**WHAT TO DO:** In your copy of the entries below, keep every word exactly and leave out all images.

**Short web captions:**
────────

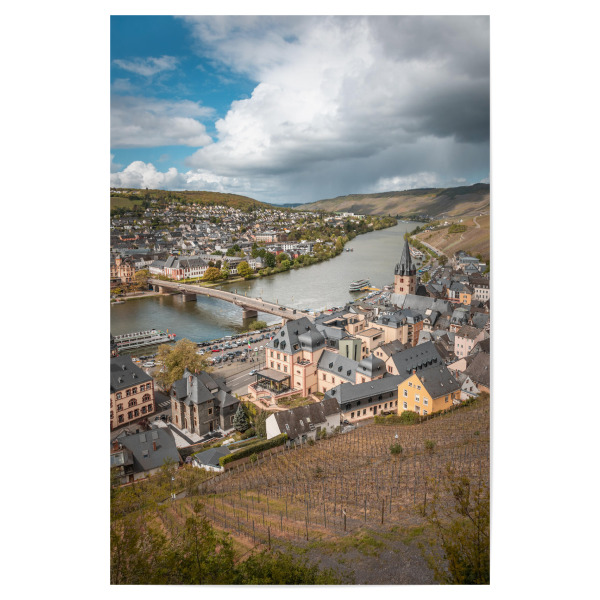 Poster "Bernkastel-Kues an der Mosel" artboxONE - Städte,Natur,Reise - Moselbrücke,Moseltal,Weinbau,Weinort,Rheinland-pfalz,Bernkastel,Kues,Hochkant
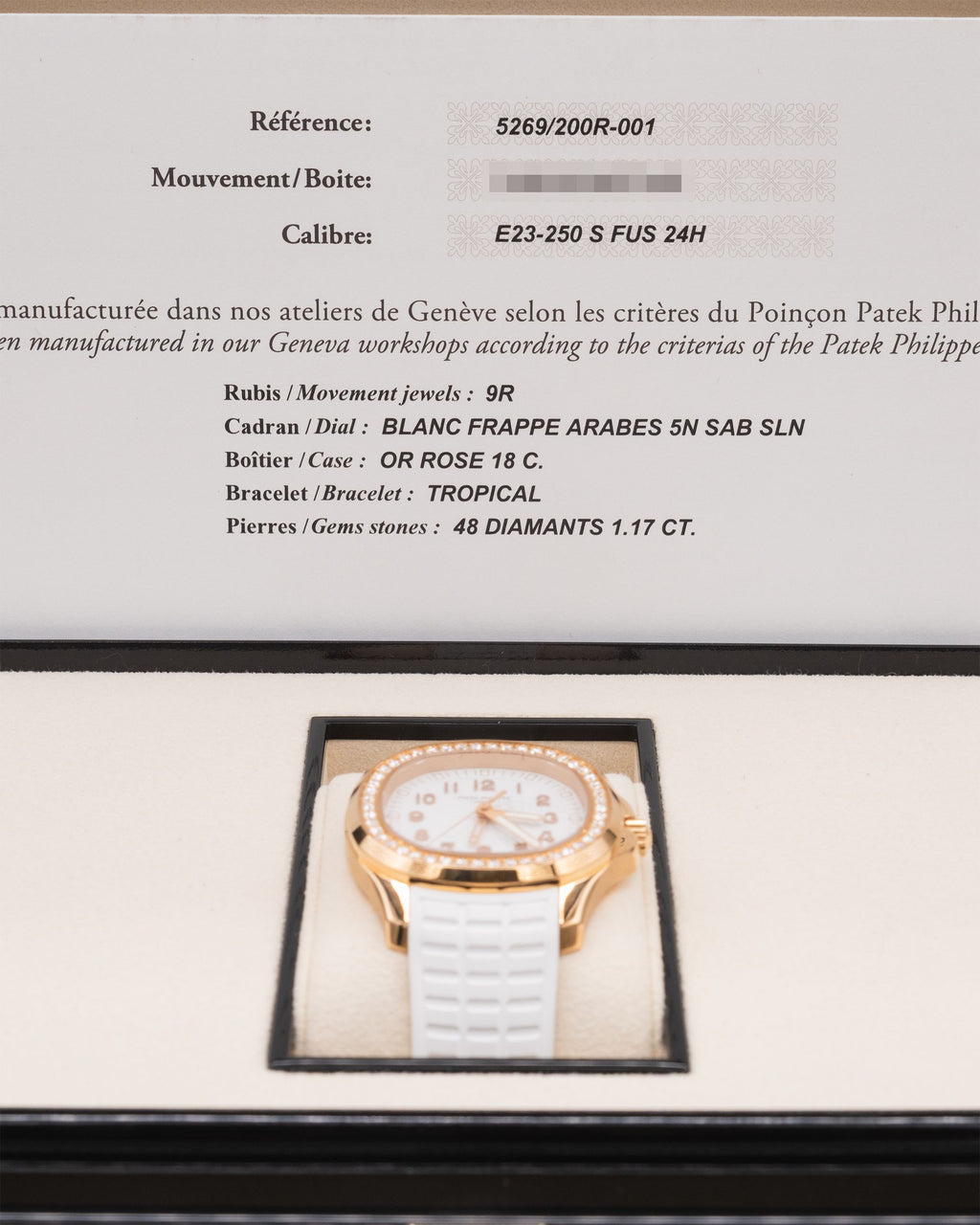 Patek Philippe Aquanaut Quartz Matte White Dial on Strap 5269/200R-001 Complete 2021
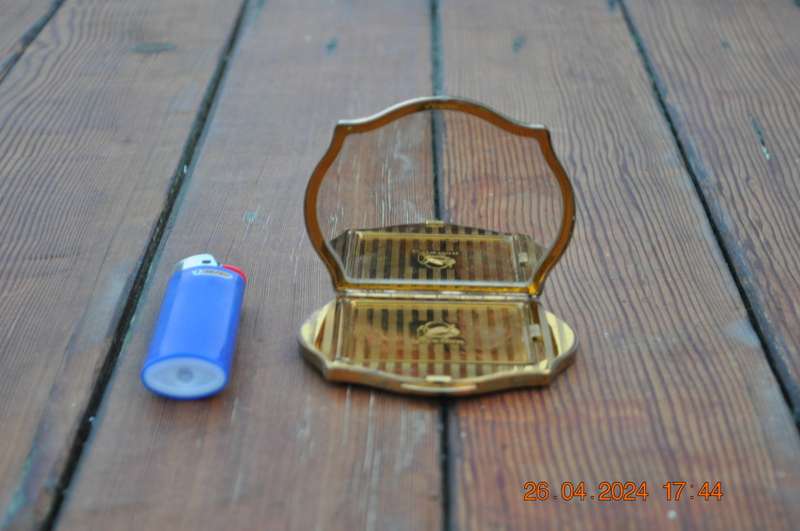 Vintage Fratton Powder Compact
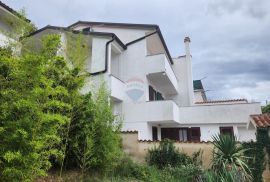 Dramalj,Crikvenica - kuća 250 m od mora, 3 stana, parking, Crikvenica, Famiglia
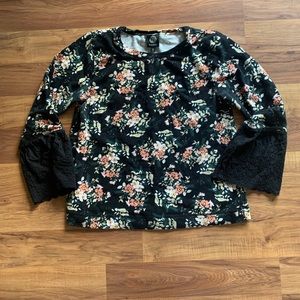 🟡3 for $15🟡 Floral Bell Sleeve Sweatshirt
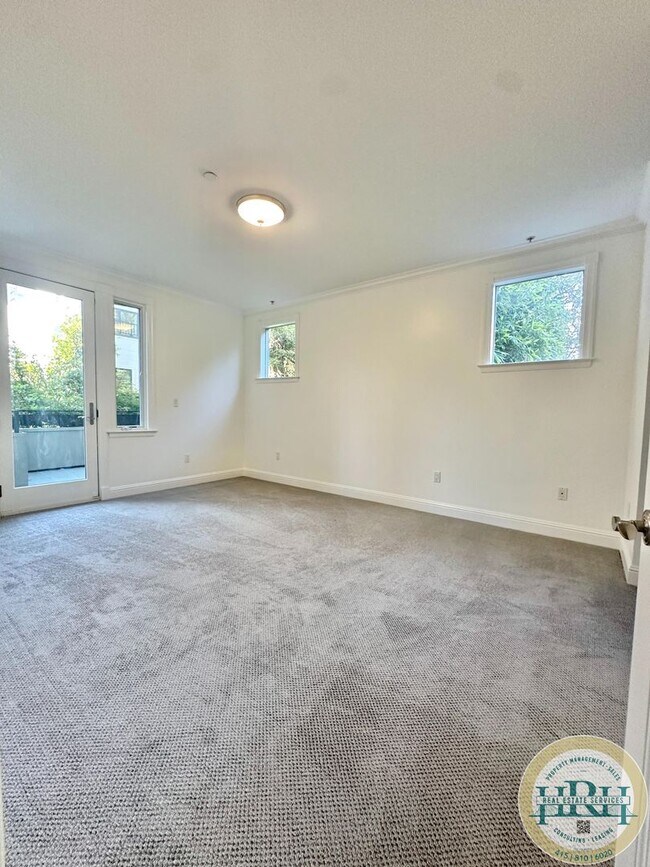 Building Photo - Charming 2 BR | 2.5 BA in Presidio Heights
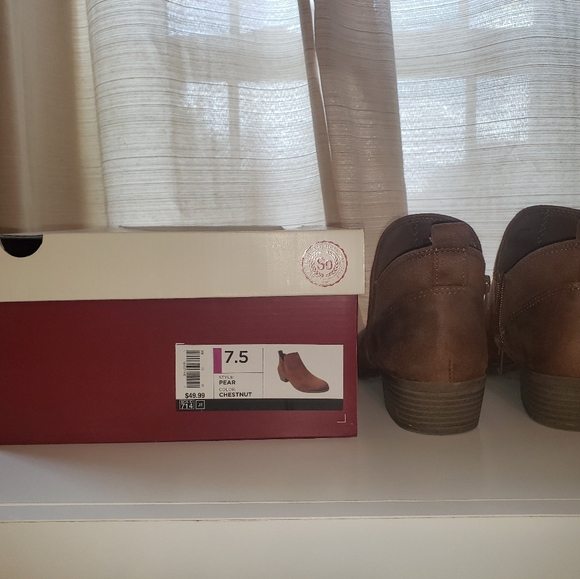 Brown Booties - Picture 11 of 11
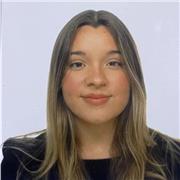 Profesora de apoyo particular para la asignatura de filosofía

────────

**RESULT:**
 Poster "Bernkastel-Kues an der Mosel" artboxONE - Städte,Natur,Reise - Moselbrücke,Moseltal,Weinbau,Weinort,Rheinland-pfalz,Bernkastel,Kues,Hochkant
 Patek Philippe Aquanaut Quartz Matte White Dial on Strap 5269/200R-001 Complete 2021
 Vintage Fratton Powder Compact
 Dramalj,Crikvenica - kuća 250 m od mora, 3 stana, parking, Crikvenica, Famiglia
 🟡3 for $15🟡 Floral Bell Sleeve Sweatshirt
 Building Photo - Charming 2 BR | 2.5 BA in Presidio Heights
 Brown Booties - Picture 11 of 11
 Profesora de apoyo particular para la asignatura de filosofía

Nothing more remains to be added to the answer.